● Work task: Please transcribe exactly, and only, the lines of the data below between the line holding "Из-за ДТП на" and the line holding "Черный качественный коврик", inclusive.
[Listed records]
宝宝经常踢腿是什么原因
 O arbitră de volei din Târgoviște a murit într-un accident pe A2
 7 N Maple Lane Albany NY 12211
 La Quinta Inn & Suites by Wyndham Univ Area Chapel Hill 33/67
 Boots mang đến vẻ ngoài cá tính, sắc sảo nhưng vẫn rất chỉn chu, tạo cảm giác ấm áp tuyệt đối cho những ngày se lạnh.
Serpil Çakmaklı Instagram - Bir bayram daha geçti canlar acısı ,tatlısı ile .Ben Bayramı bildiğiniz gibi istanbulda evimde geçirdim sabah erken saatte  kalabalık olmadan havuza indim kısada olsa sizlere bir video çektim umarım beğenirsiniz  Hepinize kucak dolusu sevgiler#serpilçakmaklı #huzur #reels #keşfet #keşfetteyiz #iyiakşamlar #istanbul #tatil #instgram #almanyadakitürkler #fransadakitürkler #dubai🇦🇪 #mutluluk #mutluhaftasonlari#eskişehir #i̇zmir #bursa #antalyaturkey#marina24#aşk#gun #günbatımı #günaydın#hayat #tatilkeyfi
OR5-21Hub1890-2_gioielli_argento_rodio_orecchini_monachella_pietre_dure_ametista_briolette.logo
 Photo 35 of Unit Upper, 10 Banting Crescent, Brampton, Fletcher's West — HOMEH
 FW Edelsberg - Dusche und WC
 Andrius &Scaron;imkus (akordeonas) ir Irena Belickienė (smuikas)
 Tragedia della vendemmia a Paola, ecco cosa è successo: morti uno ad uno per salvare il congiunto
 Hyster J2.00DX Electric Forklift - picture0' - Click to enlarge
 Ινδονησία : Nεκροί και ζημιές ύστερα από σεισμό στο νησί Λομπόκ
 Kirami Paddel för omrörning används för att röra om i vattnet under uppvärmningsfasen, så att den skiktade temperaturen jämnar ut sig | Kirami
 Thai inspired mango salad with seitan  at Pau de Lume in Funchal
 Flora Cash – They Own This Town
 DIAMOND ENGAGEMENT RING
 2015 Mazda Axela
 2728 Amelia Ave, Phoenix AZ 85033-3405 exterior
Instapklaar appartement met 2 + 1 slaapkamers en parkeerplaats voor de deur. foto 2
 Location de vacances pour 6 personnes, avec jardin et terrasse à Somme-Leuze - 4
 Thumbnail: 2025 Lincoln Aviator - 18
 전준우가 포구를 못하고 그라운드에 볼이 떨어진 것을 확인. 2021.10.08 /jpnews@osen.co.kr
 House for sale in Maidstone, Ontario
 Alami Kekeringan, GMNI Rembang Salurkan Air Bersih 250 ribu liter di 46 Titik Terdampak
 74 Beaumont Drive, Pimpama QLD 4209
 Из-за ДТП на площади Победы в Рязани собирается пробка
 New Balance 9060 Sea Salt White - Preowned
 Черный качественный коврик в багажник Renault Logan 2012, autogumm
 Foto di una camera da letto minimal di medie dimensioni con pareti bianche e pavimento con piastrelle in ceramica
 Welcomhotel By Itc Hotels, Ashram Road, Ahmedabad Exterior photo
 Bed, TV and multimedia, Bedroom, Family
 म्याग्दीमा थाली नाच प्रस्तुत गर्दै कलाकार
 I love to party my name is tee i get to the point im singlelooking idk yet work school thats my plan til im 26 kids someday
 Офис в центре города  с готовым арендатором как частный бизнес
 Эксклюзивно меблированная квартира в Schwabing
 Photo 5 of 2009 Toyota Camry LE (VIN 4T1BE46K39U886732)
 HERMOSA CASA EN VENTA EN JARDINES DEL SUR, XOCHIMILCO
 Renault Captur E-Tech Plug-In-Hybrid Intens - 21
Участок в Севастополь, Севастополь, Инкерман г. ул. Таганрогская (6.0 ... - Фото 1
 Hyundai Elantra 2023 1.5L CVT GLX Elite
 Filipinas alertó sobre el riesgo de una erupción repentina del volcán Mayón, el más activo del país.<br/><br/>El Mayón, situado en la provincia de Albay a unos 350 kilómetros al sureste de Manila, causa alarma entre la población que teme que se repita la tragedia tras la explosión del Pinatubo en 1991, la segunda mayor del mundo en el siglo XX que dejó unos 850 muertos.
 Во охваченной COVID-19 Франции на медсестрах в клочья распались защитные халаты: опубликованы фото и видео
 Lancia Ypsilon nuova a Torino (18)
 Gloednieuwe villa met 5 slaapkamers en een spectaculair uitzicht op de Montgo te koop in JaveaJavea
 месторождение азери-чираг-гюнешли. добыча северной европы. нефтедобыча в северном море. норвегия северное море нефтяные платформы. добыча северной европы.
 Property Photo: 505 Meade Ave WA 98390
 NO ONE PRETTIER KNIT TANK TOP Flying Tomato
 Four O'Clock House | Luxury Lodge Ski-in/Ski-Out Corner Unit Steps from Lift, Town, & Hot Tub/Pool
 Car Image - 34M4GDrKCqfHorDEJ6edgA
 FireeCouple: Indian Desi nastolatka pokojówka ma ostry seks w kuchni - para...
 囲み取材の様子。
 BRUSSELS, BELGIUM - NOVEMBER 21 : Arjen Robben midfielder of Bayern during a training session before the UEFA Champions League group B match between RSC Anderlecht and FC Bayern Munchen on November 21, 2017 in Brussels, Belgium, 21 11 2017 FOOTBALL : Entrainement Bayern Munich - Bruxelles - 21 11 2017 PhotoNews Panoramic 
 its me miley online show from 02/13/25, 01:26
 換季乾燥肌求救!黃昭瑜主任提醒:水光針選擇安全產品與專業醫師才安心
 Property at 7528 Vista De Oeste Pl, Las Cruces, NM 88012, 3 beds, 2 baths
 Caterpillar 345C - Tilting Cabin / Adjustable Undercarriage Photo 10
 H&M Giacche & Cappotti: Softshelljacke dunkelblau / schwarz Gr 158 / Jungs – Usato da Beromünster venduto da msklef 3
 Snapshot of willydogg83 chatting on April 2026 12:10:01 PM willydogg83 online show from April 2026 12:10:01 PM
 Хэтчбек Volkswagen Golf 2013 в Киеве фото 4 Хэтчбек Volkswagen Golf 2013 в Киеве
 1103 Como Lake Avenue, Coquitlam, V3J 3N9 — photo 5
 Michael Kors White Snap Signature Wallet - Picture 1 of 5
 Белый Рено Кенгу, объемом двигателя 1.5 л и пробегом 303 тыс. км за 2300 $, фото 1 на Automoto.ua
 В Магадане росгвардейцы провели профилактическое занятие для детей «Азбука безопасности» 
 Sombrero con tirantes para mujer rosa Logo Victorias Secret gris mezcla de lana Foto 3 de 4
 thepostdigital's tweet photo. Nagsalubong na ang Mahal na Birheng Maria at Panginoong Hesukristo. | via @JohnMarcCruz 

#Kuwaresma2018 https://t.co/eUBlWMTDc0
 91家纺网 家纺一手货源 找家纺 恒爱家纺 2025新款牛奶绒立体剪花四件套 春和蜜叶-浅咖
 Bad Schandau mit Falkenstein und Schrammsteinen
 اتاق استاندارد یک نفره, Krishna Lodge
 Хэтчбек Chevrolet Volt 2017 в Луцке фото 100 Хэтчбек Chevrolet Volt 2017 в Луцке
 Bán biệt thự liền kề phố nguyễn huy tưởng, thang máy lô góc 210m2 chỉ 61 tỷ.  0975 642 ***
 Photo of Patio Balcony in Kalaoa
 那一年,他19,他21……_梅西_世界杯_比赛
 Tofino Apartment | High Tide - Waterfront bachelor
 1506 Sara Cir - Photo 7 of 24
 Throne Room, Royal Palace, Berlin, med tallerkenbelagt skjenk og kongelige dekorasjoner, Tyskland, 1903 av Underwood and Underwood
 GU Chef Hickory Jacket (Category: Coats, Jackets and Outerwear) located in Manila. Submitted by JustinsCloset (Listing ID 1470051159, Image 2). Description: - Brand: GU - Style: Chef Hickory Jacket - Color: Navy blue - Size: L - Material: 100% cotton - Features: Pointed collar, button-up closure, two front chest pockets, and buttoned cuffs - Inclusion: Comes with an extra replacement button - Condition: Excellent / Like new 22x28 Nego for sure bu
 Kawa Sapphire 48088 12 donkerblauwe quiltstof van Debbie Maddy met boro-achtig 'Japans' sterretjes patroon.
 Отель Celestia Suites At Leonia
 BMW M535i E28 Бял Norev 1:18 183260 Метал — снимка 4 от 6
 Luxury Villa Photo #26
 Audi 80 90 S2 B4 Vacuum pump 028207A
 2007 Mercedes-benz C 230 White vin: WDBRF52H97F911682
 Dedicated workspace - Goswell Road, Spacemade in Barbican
[/Listed records]
● Answer for the task:
 Из-за ДТП на площади Победы в Рязани собирается пробка
 New Balance 9060 Sea Salt White - Preowned
 Черный качественный коврик в багажник Renault Logan 2012, autogumm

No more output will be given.